Eric had not in fact heard from his foster sister for over fourteen years. He had always figured he would get tossed out of the foster home because of the fire he started next door, but they never caught him for that. Never caught him for the wretched series of parties he had with the dog and cat that went missing, either. In the end they got him for something completely stupid. In the end they got him for nothing at all.

Thirteen-year-old Jane had been the cause of it. If she had not been so stuck up, things would have gone smoother, he would have settled in better, he would have been able to relax. But she was always working him up, the way she flicked her hair at him, the way she ignored him. When he had kidnapped her dog, he had found himself strangely free of yearning for Jane. He could talk to her. He could even comfort her, when she cried for her lost pet.

But less than a week after the dog was dead, Eric was tormented again with a ferocious aching in his chest. Jane had gone back to ignoring him, treating him as if he were a clod of dirt under her heel. He swallowed his pain until he could stand it no more, until finally he determined that—for one night, at least—Jane would pay attention. Beyond this, he did not really know what he was going to do. He was going to play it by ear.

He stayed awake one night until his foster father’s grizzly-sized snores shook the walls of the house. Then he put on his jeans and a shirt—even his socks—and tiptoed down the hall to Jane’s door. The door had no lock, he knew; none of the bedrooms had locks.

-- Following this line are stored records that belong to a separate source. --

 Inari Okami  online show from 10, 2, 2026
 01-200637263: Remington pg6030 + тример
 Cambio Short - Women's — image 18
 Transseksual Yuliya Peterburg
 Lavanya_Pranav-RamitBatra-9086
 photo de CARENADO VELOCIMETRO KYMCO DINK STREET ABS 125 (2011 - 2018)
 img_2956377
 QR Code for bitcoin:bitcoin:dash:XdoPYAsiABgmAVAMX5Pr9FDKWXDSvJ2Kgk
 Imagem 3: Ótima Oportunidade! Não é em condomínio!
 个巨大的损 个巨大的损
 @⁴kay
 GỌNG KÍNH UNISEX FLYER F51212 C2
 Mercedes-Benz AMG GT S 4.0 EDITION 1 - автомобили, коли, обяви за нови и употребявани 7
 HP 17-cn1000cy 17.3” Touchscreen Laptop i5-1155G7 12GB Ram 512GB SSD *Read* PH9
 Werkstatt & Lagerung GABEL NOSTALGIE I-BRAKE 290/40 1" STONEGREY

Sometimes Jane stayed awake reading or listening to her pink plastic radio, but there was no light under her door now. Eric did not even pause. He turned the knob, stepped right into her room and closed the door. His eyes were already adapted to the dark, and he could clearly see the outline of Jane’s hip beneath the covers. She was curled up facing the wall, her features hidden behind a curtain of blond hair.

The room smelled of running shoes and baby oil. Eric stood perfectly still for a long time, watching the rise and fall of Jane’s rib cage, listening to the soft swell of her breath. She’s fast asleep, Eric thought, I can do anything I want.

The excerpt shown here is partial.